Far be it from me to complain much about the growth of craft brewing, but there is at least one down side to this otherwise glorious proliferation. I am speaking about the rash of mediocre India Pale Ales, Pale Ales, and Ambers. It seems that out of obligation to the unique direction American brewing has taken these styles, start ups feel the need to add just one more IPA to the mix, as if their particular blend of grapefruity nose and dry bitterness will ensure that their brewery will last into perpetuity. Some breweries are able to play the game well and actually create a singular piece of beauty, as for instance Surly Brewing did with their Furious, but overall, most, while good, even not-bad, are nonetheless not distinct enough for me to care. If I can’t remember your beer, I’ll probably just go back to my standards, ie- Two-Hearted.

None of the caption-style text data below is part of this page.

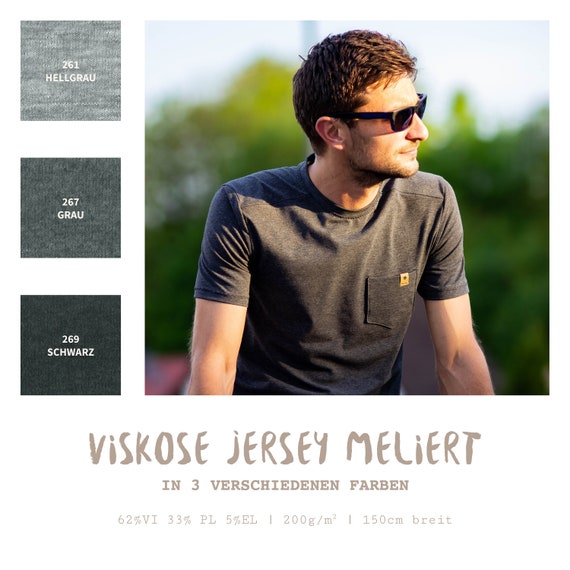 Viskose Jersey - 3 Farben - MELANGE Stoff Meterware Ökotex - elastisch Kleiderstoff meliert Sommerstoff *** 50 cm x 160 cm ***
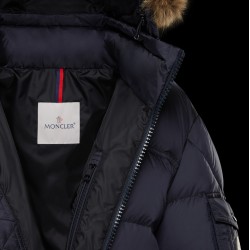 2022 Moncler Marque Short Down Jacket Mens Winter Fur Hooded Puffer Down Coat Outerwear Night Blue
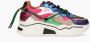 DWRS LABEL JUPITER Pink Dark green Roze Leer Lage sneakers Dames - Thumbnail 3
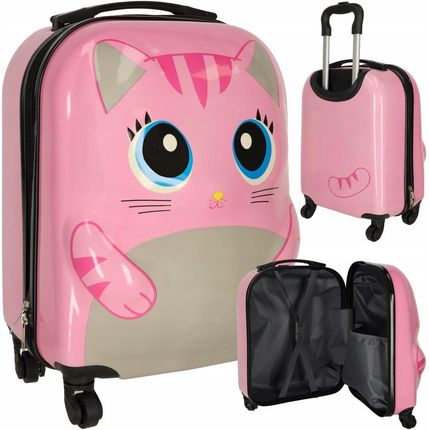 Walizka Podróżna Dla Dzieci Bagaż Podręczny Na Kółkach wzór Kot Różowa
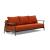 Caluma Quilt Fabric Sofa Bed w/Smoked Oak Arms & Legs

But I have an idea based on how I generally approach beer drinking. I don’t know about people with a healthy enough income to sustain a line of upper-crust six packs in their chill box, but I know that I don’t have that kind of money, but I still enjoy a beer with lunch or dinner most days. And so what I often do is sustain this habit with an affordable and multi-use beer. Here in MN it’s usually something from Summit or Schell’s since they are able to keep basic 12 packs down near the $12 range. And then for special occasions or for limited releases, I’ll get the ‘nicer’ stuff.
So then, the idea. I’d love to see a brewery brew up a seasonally released session ale of some kind, like a Kolsch or Saison in the Summer, a Bitter or Mild in the Fall, a dry Stout in the Winter, maybe a Bock come Spring, or whatever, and keep it hovering at $1 a bottle. This could form the “Base” from which to launch other specialty beers or what have you. Among other things this would do, it would continue to put pressure on the mass lagers and loosen their stubborn grip on the “average Joe drinker.” There’s nothing wrong with making an “average Joe” craft beer is what I’m trying to say. Plus, it would help our current craft beer markets to start being more subtle with ingredients. Not every beer need be massively loaded with hops. Subtlety is where American beers need to start getting better.